One way of understanding the connection between ‘being’, ‘power of acting’ and ‘bliss’ is that ‘being’ (esse) is nothing but an infinite potentiality (potentia), the immense opening of the space of possibilities, the ultimate emptiness that creates the horizon for everything everywhere forever to come. And this opening is Beauty and Goodness itself—its Bliss (beatitudo).


If (by hypothesis) the infinite ground would exist only in its own absolute purity, in perfect isolation, aloof from any expression of itself, then this original bliss would remain unperceived, unexpressed, unarticulated. The infinite opening would remain empty and void, potentiality for appearing would collapse in sheer naught. This would be against the very nature of being (esse), and hence it is necessary (Spinoza would add), that the infinite ground posits the whole world by the same act through which it posits itself (the substance is causa sui, Ethica, I, prop. 7).


In reality, they cannot be separated, one entails the other.
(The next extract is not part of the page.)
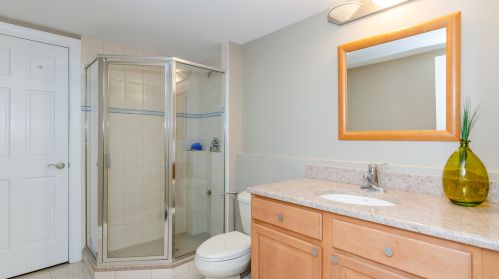 6919 Fieldstone Dr, Willowbrook IL  60527-5295 exterior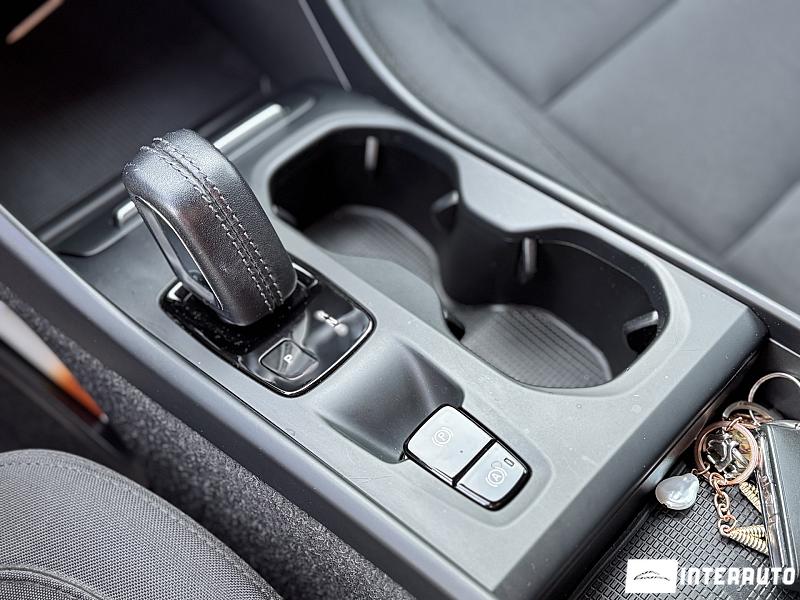 Volvo XC 40 15 volvo xc 40 2021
But this is so because the nature of bliss calls for and seeks the expression of itself. Pure, absolute being, considered only in itself, and without any further characteristic, does not require anything else (ask Parmenides). Even pure, absolute consciousness, considered only in itself, and without any further characteristic, is perfectly self-sufficient (like deep dreamless sleep). Only insofar as being and consciousness are understood as the opening of the horizon of all possibilities and realities, and hence as the dawn of the blissfulness of appearing, then it becomes necessary and unavoidable that the infinite ground does not remain frozen in its absolute nature but rather exists as an infinite unfolding of its own power and beauty.
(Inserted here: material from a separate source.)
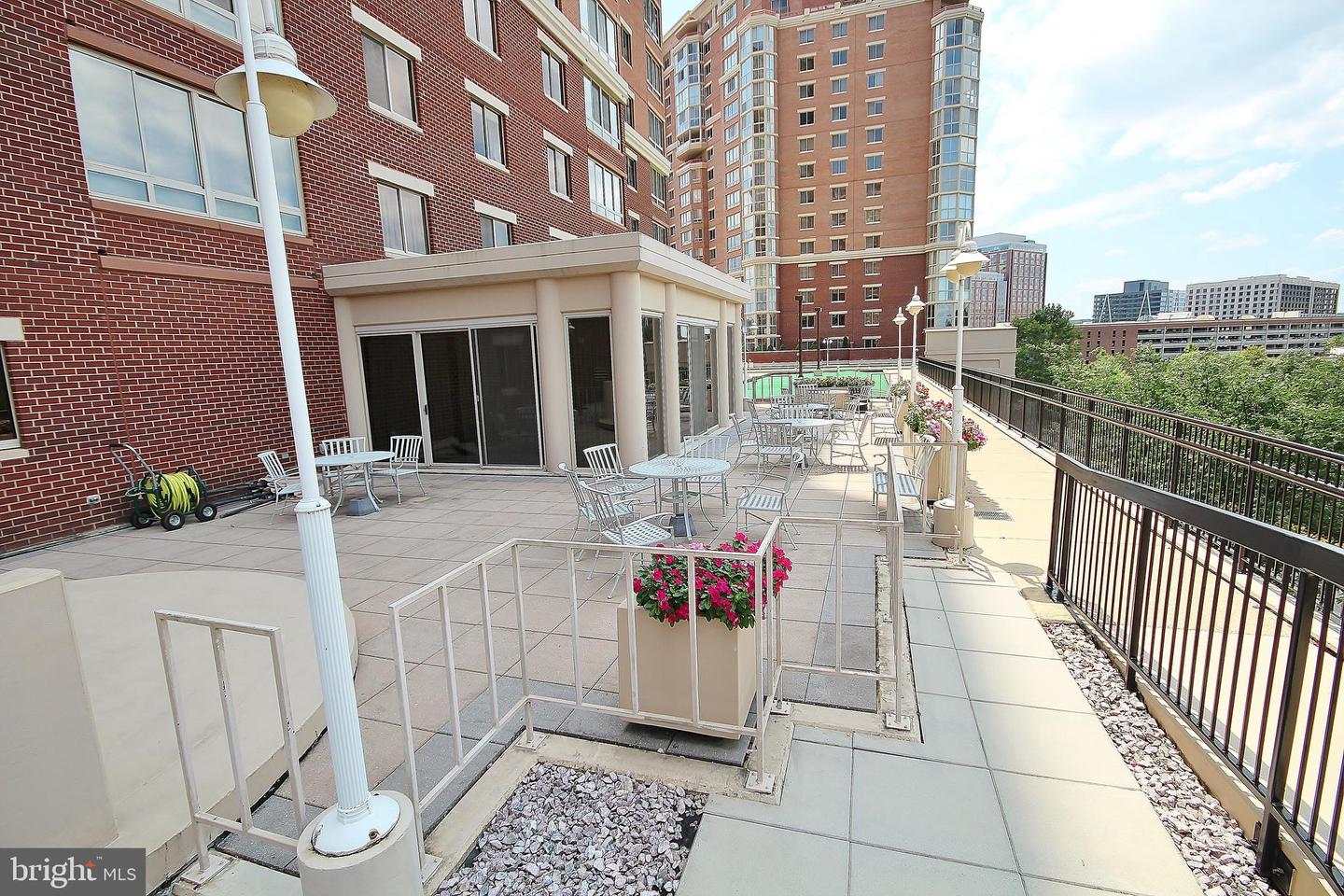 2151 JAMIESON AVENUE Unit: 1809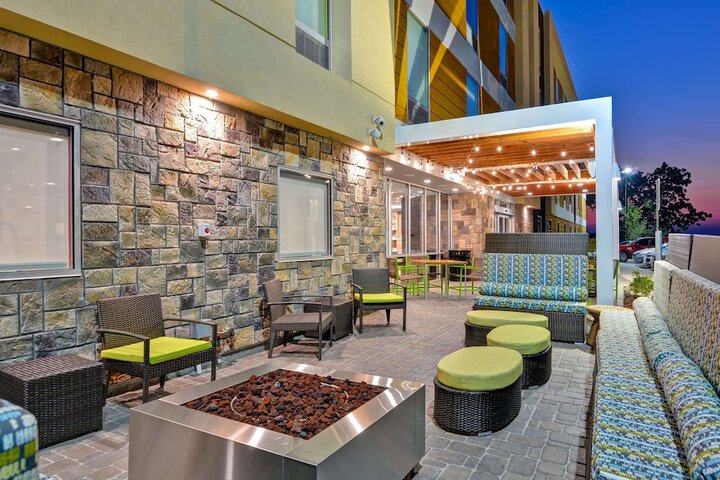 Terrace/Patio 47 of 48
Hidden in all aspirations, behind and beneath the deformed petty attempts at preserving this or that particular form, there is an infinite longing trying to find its own self-expression. Desire, in its essence, is a particularized, individualized fragment of this cosmic movement. It does not really look outside, but draws from the depths within. Desire is not a spring but a well. Aspiration is the bucket plunging down the earth of reality, seeking the waters that await in the darkness beneath—and possibly bringing some of it to the surface.


Ultimately, this whole process is about the realization of self-consciousness, which is nothing but the unity of experience within which the infinite ground becomes self-conscious of its own blissfulness by experiencing it from the point of view of its own expressions. This is what Spinoza called amor dei intellectualis—the intellectual love of and for God (Ethica, V, prop. 36).


But even before getting there (and in order to get there), one can start reconsidering their own aspiration, and what that is really seeking for. Discovering that the deeper aspiration that moves one’s life is in fact something much bigger and deeper that this individual life, and at the same time something that embraces this life as a necessary means for reuniting in it what otherwise appears as a opposites (finite and infinite, mode and substance, temporal and eternal, and so forth)—then, Bliss wells up in one’s life by redeeming desire from its deformations and pointing out the path to move forward.